The following summary of the principal terms of the stockholders rights agreement is a general
description only, and is subject to the specific terms and conditions set forth in the Stockholders
Rights Agreement between the Company and Continental Stock Transfer & Trust Company, as Rights
Agent, attached as Exhibit 4.2 to this Registration Statement and incorporated herein by reference.
Rights Evidenced by Common Share Certificates
The Rights will not be exercisable until the Distribution Date (defined below). We will not send
Certificates for the Rights (Rights Certificates) to stockholders and the Rights will attach to
and trade only together with the Common Stock. Common Stock certificates outstanding on the Record
Date will evidence the Rights related thereto, and Common Stock certificates issued after the
Record Date will contain a notation incorporating the Rights Agreement by reference. Until the
Distribution Date (or earlier redemption, exchange or expiration of the Rights), the surrender or
transfer of any certificates for Common Stock, outstanding as of the Record Date, even without
notation or a copy of the Summary of Rights being attached thereto, will also constitute the
transfer of the Rights associated with the Common Stock represented by such certificate.
Distribution Date
The Rights will be separate from the Common Stock, Rights Certificates will be issued and the
Rights will become exercisable upon the earlier of (a) the tenth day after a person or group of
affiliated or associated persons (Acquiring Person) has acquired, or obtained the right to
acquire, beneficial ownership of 15% or more of the Common Stock then outstanding, or (b) the tenth
business day (or such later date as may be determined by the Companys Board of Directors) after a
person or group announces a tender or exchange offer, the consummation of which would result in
ownership by a person or group of 15% or more of the Companys then outstanding Common Stock.
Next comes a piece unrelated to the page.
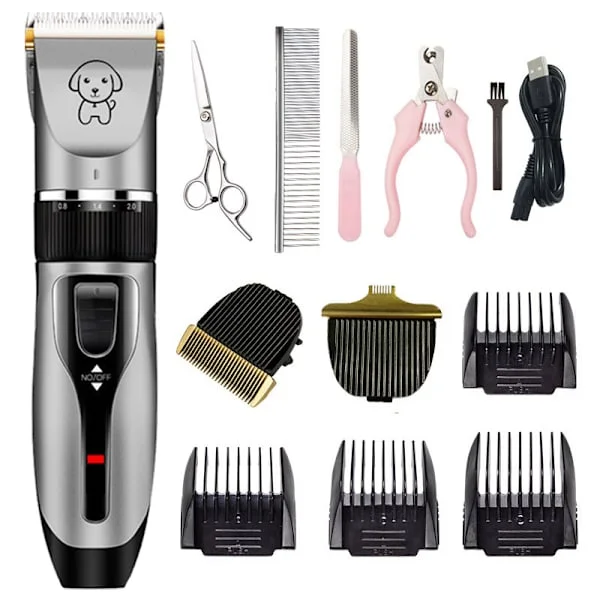Professionell hundtrimmer sladdlös elektrisk långt tjockt hår hundtrimmer grooming kit hundrakapparat för hundar katt husdjur - Set med 4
The
earlier of these dates is referred to as the Distribution Date. Angeliki Frangou and entities
and persons affiliated or related to her are excluded from the definition of Acquiring Person.
Persons who are beneficial owners of 10% or more of the Common Stock outstanding on the effective
date of the rights agreement shall not become an Acquiring Person until such time as they acquire
such number of additional shares of stock as would cause such person to own 20% or more of the
Companys then outstanding Common Stock.
Issuance of Rights Certificates; Expiration of Rights
As soon as practicable following the Distribution Date, a Rights Certificate will be mailed to
holders of record of the Common Stock as of the close of business on the Distribution Date and such
separate Rights Certificate alone will evidence the Rights from and after the Distribution Date.
The Rights will expire on the earliest of (i) October 16, 2018, (the Final Expiration Date), or
(ii) redemption or exchange of the Rights as described below.
Initial Exercise of the Rights
Following the Distribution Date, and until one of the further events described below, holders of
the Rights will be entitled to receive, upon exercise and the payment of the Exercise Price, one
one-thousandth of a share of the Preferred Stock. In the event that the Company does not have
sufficient Preferred Stock available for all Rights to be exercised, or the board of directors
decides that such action is necessary and not contrary to the interests of Rights holders, the
Company may instead substitute cash, assets or other securities for the Preferred Stock for which
the Rights would have been exercisable under this provision or as described below.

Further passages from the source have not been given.